Start of MATERIAL TO PROCESS

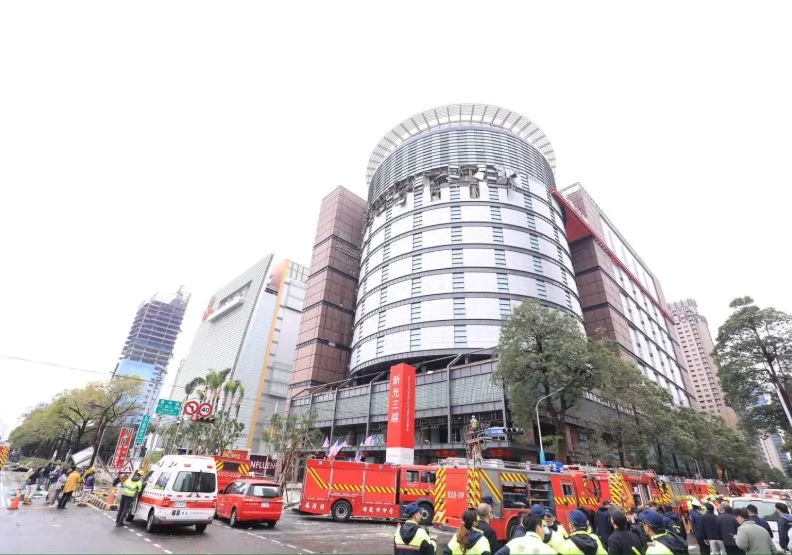 新光三越台中中港店今天發生氣爆。取自臉書@盧秀燕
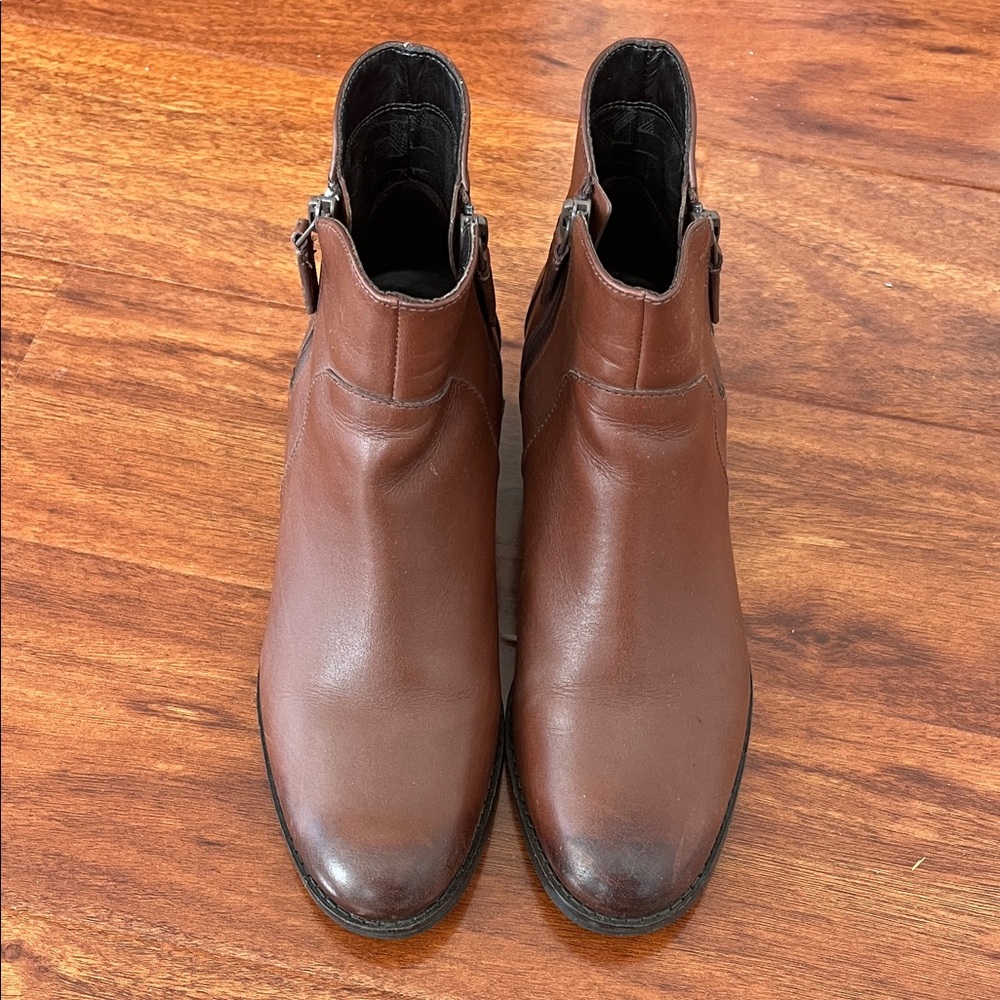 Cole Haan Women’ Brown Leather Ankle Boots (Size 7)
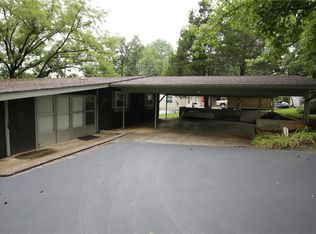 13434 E Sunrise Lake Dr, De Soto, MO 63020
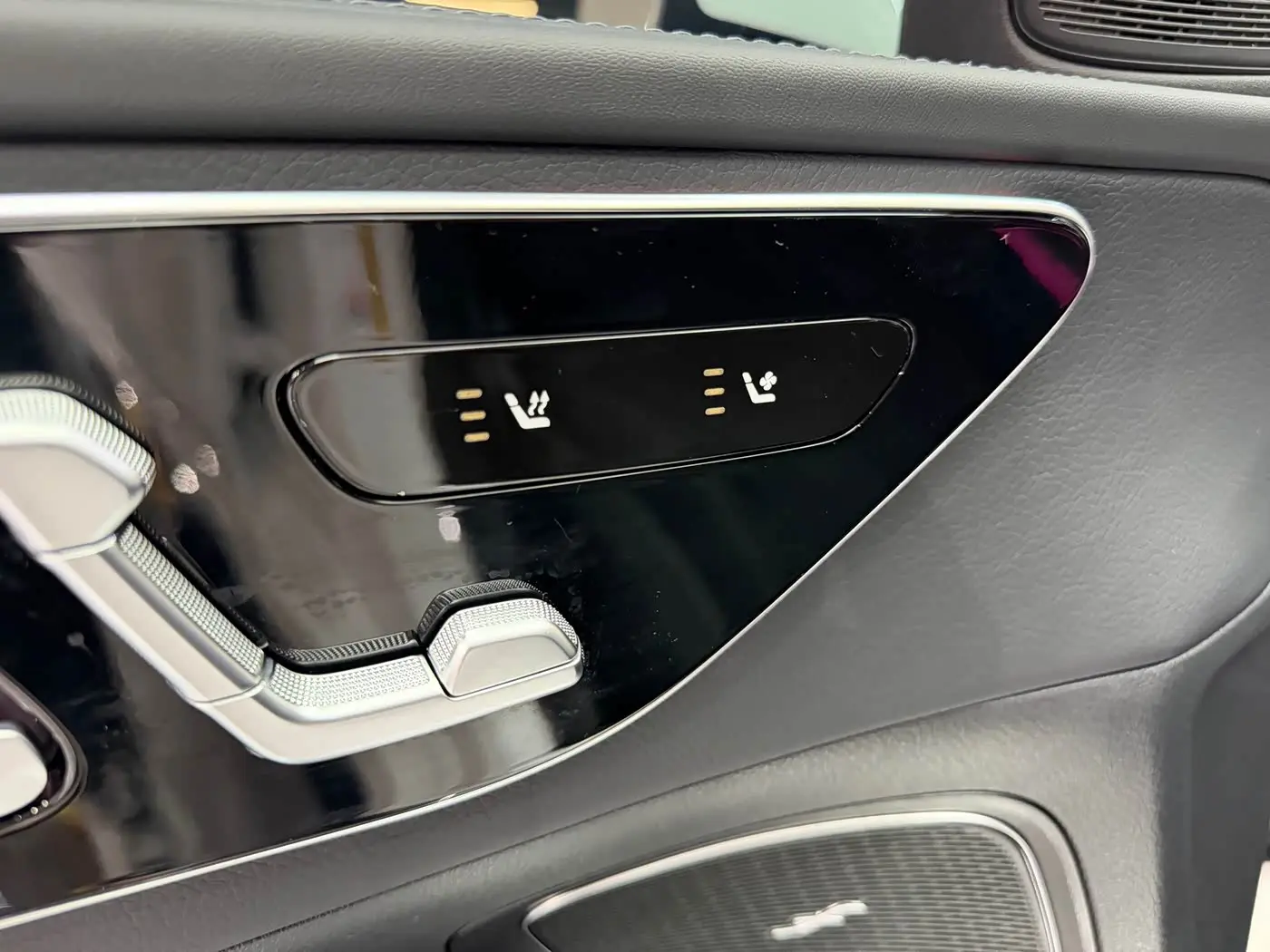 Mercedes-Benz C-Class 2024 — Photo 6/16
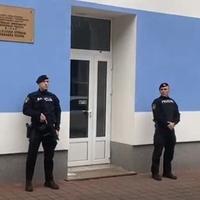 Video / Drugo jutro nakon terorizma u Bosanskoj Krupi: Policajci s dugim cijevima ispred policijske stanice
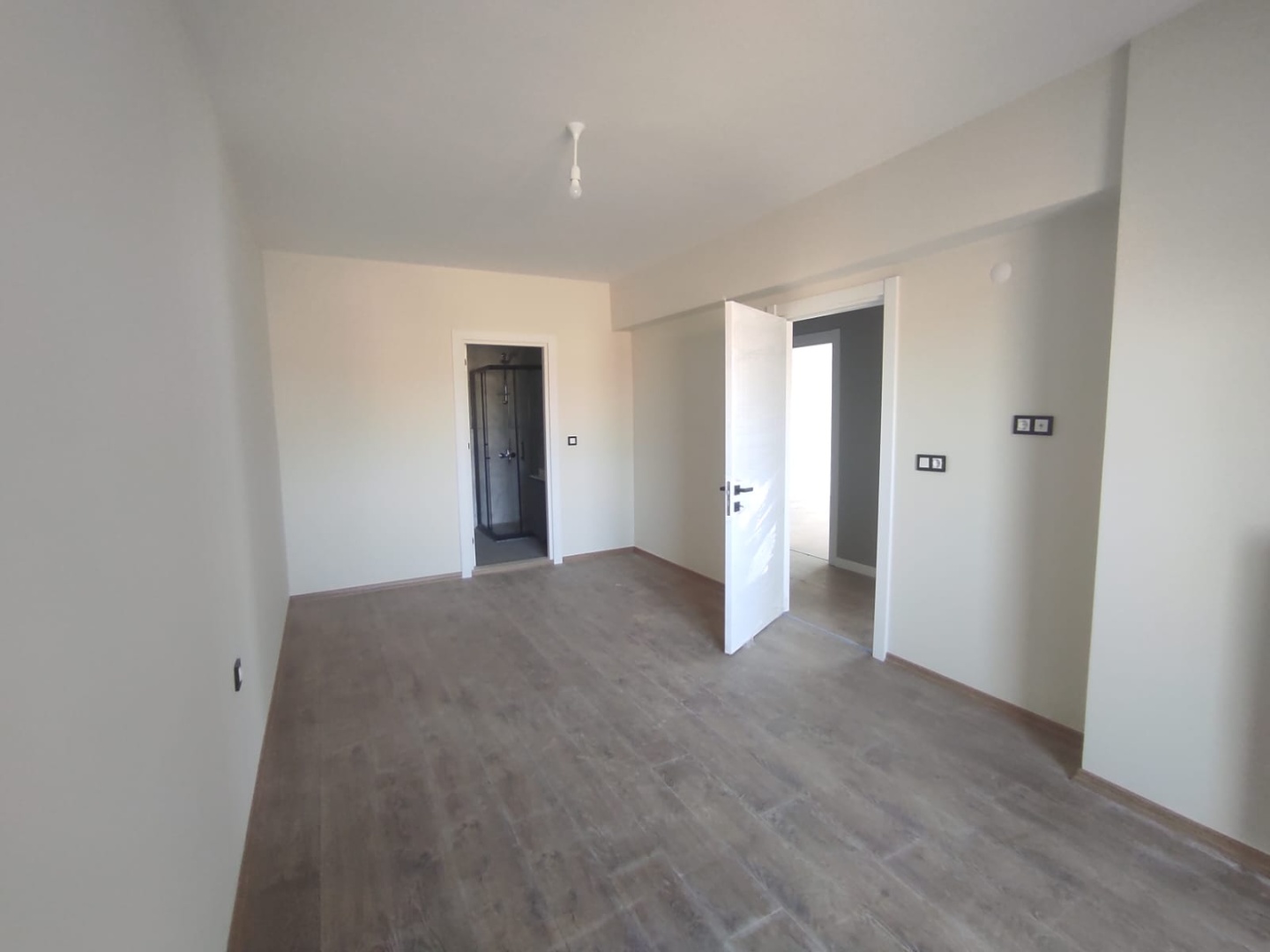 ÇANAKKALE KARACAÖRENDE  57. ALAY İLKÖĞRETİM OKULLARINA YAKIN SATILIK 3+1 DAİRE - ÇANAKKALE MERKEZ KARACAÖREN KÖYÜ - undefined undefined - Thumbnail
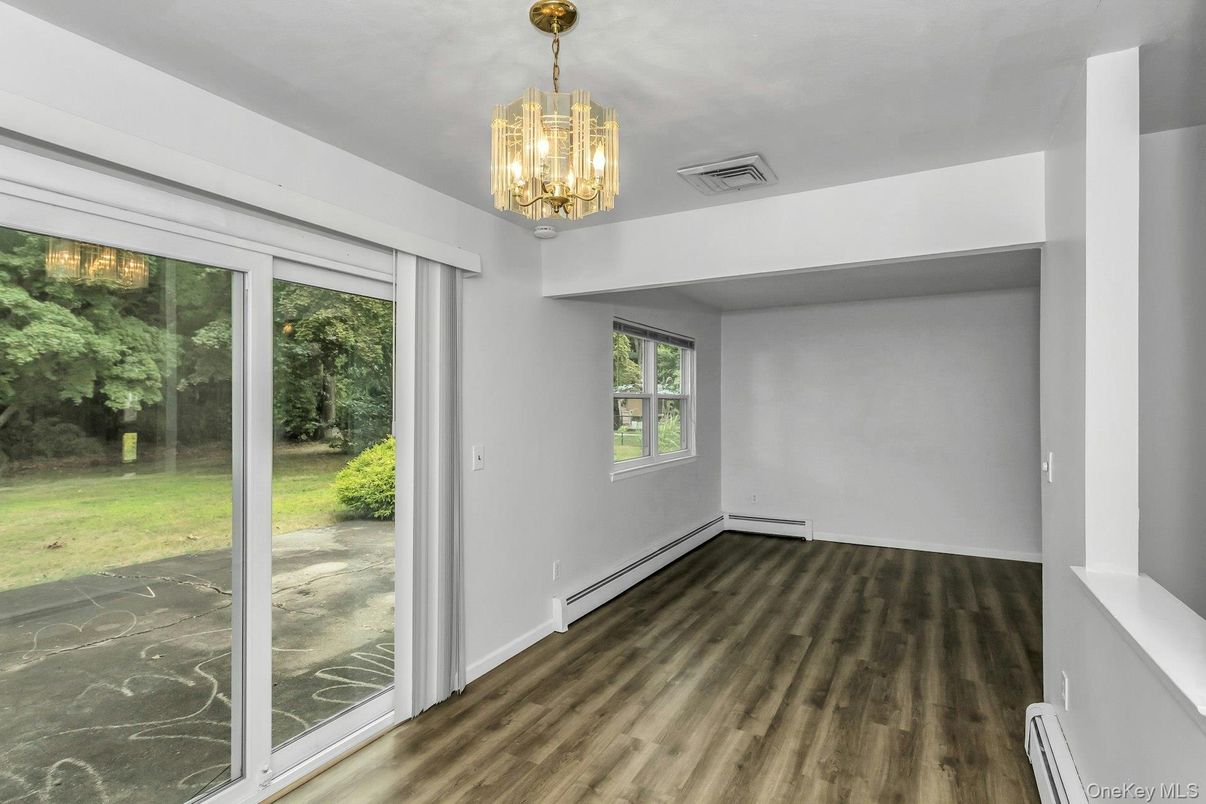 Chandelier, Empty room, Interior, Wood Texture Flooring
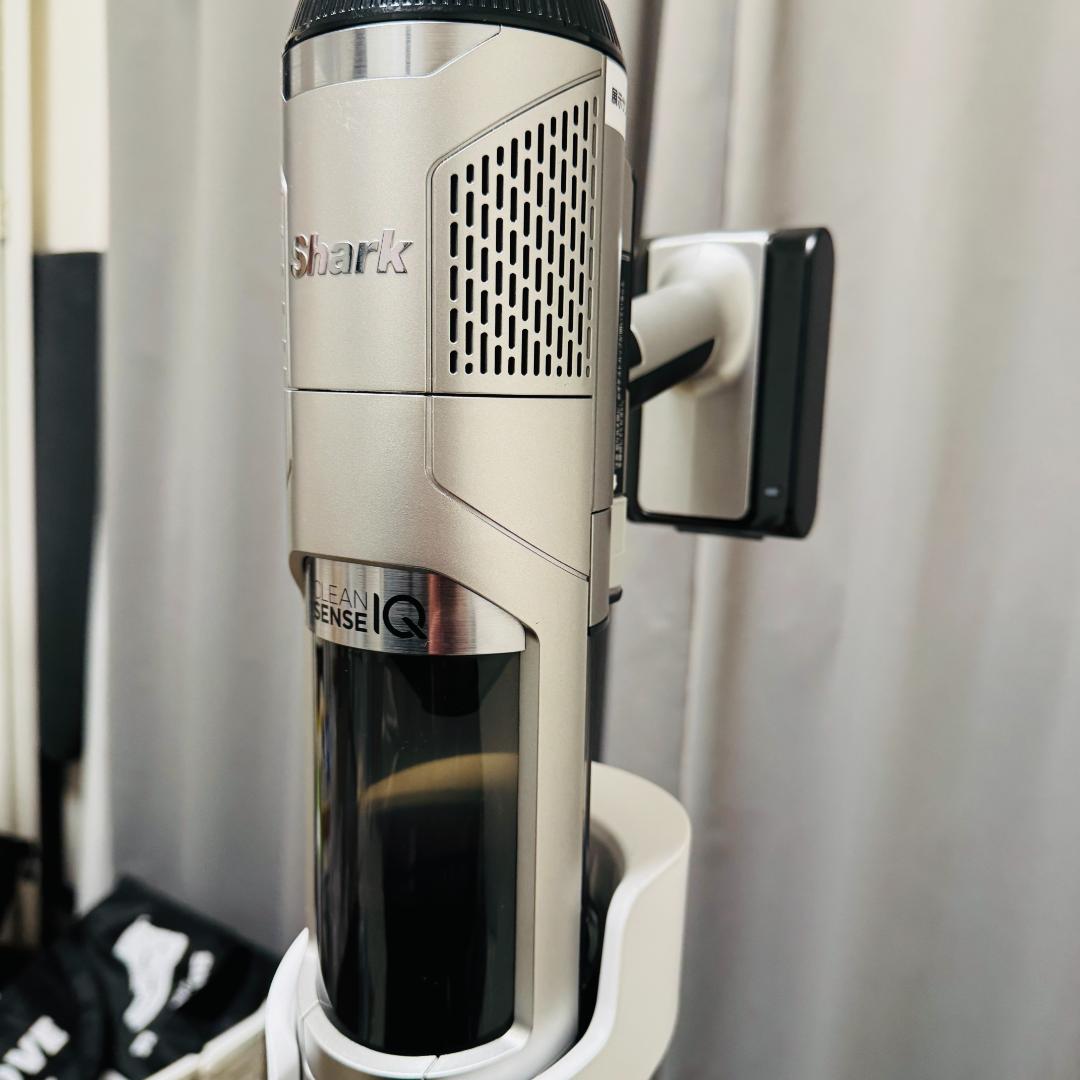 shark シャーク　Clean Sense iQ+ IW3241JSL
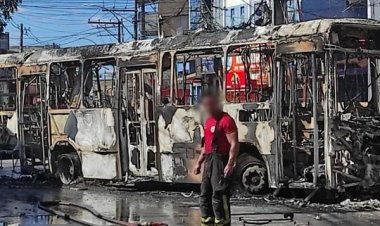 Ônibus é incendiado na Estrada das Barreiras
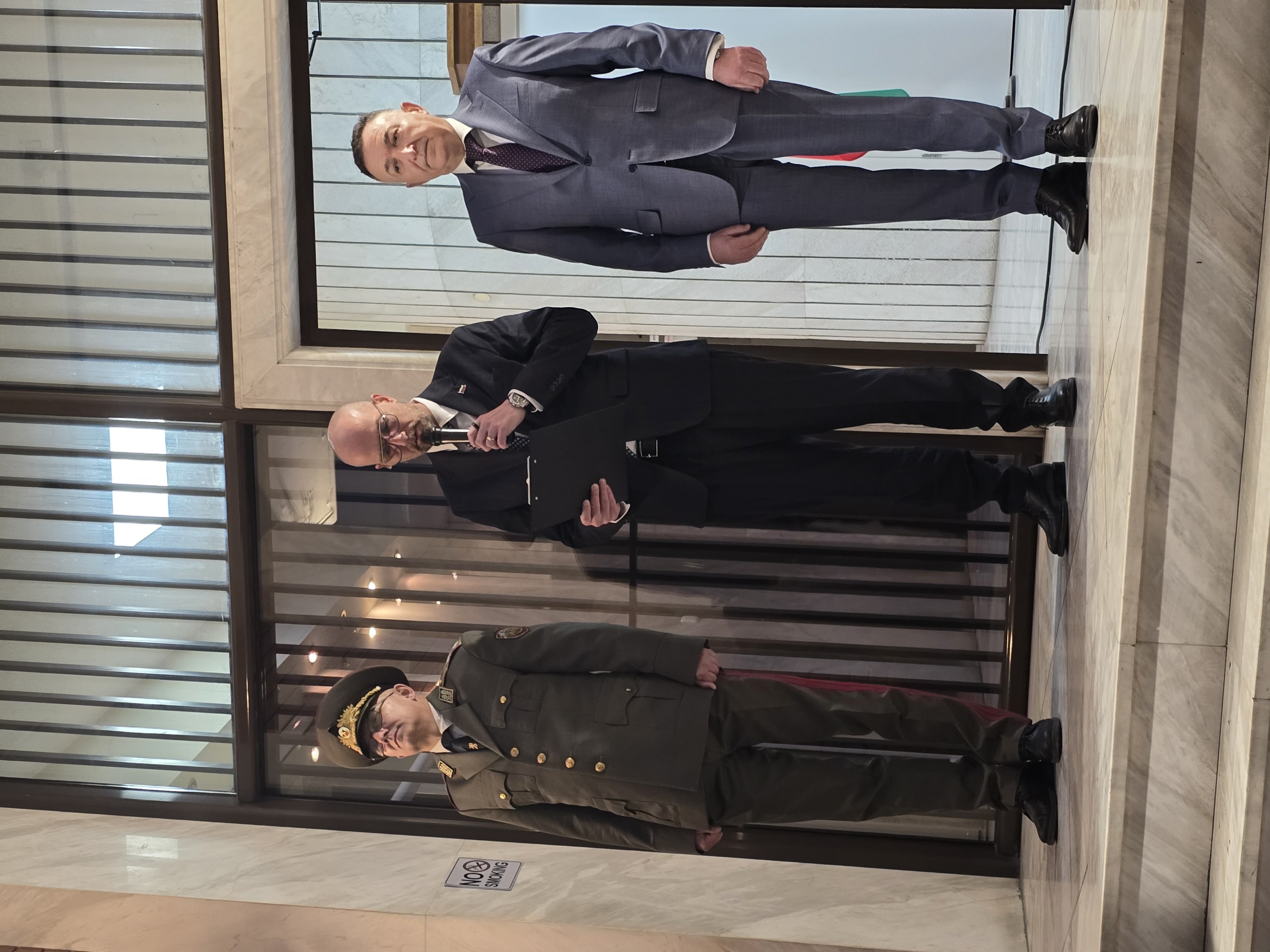 Кметът на карлово kmetat karlovo otdade pochit pred pametnika le 2026 новините от българия кметът на община карлово д-р емил кабаиванов бе на посещение в гръцкия град солун, където&nbsp; генералното... Кметът на карлово отдаде почит пред паметника на левски в солун 2026 българия новините balgarianovinite. Com 2026-02-20 18:30:23 кметът на карлово кметът на карлово отдаде почит пред паметника на левски в солун 2026 информационна агенция за разследваща журналистика и разследващ репортаж бургас, българия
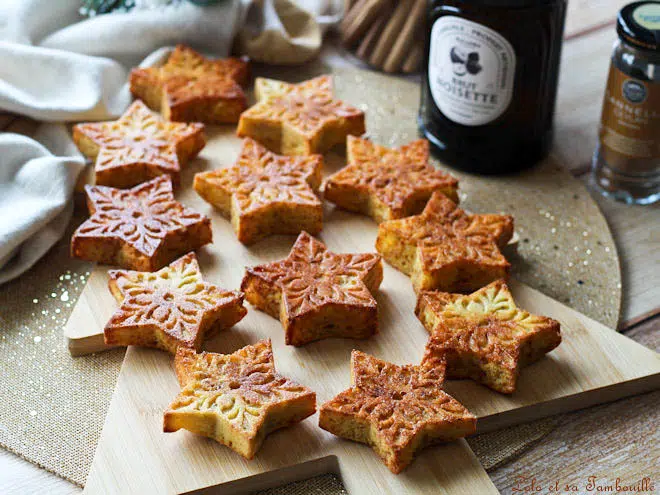 Etoiles aux pommes et noisettes,moelleux pommes noisettes compote,gâteau pommes noisettes,moelleux pommes noisettes,gateau pommes noisettes cannelle,recette gateau pomme cannelle noisette,recette avec compote de pommes,recette avec compote de pommes dessert,recette avec compote de pommes facile,recette pommes noisettes,recette pomme noisettes facile,moule 12 étoiles noël ohra,gouter aux pommes rapide,petit dessert aux pommes rapide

End of MATERIAL TO PROCESS

◆ **WHAT YOU ARE ASKED TO DO**:
Exact copy, no pictures: set down all the entries again as they stand.

◆ **SOLUTION FOR THIS EXERCISE**:
 新光三越台中中港店今天發生氣爆。取自臉書@盧秀燕
 Cole Haan Women’ Brown Leather Ankle Boots (Size 7)
 13434 E Sunrise Lake Dr, De Soto, MO 63020
 Mercedes-Benz C-Class 2024 — Photo 6/16
 Video / Drugo jutro nakon terorizma u Bosanskoj Krupi: Policajci s dugim cijevima ispred policijske stanice
 ÇANAKKALE KARACAÖRENDE  57. ALAY İLKÖĞRETİM OKULLARINA YAKIN SATILIK 3+1 DAİRE - ÇANAKKALE MERKEZ KARACAÖREN KÖYÜ - undefined undefined - Thumbnail
 Chandelier, Empty room, Interior, Wood Texture Flooring
 shark シャーク　Clean Sense iQ+ IW3241JSL
 Ônibus é incendiado na Estrada das Barreiras
 Кметът на карлово kmetat karlovo otdade pochit pred pametnika le 2026 новините от българия кметът на община карлово д-р емил кабаиванов бе на посещение в гръцкия град солун, където&nbsp; генералното... Кметът на карлово отдаде почит пред паметника на левски в солун 2026 българия новините balgarianovinite. Com 2026-02-20 18:30:23 кметът на карлово кметът на карлово отдаде почит пред паметника на левски в солун 2026 информационна агенция за разследваща журналистика и разследващ репортаж бургас, българия
 Etoiles aux pommes et noisettes,moelleux pommes noisettes compote,gâteau pommes noisettes,moelleux pommes noisettes,gateau pommes noisettes cannelle,recette gateau pomme cannelle noisette,recette avec compote de pommes,recette avec compote de pommes dessert,recette avec compote de pommes facile,recette pommes noisettes,recette pomme noisettes facile,moule 12 étoiles noël ohra,gouter aux pommes rapide,petit dessert aux pommes rapide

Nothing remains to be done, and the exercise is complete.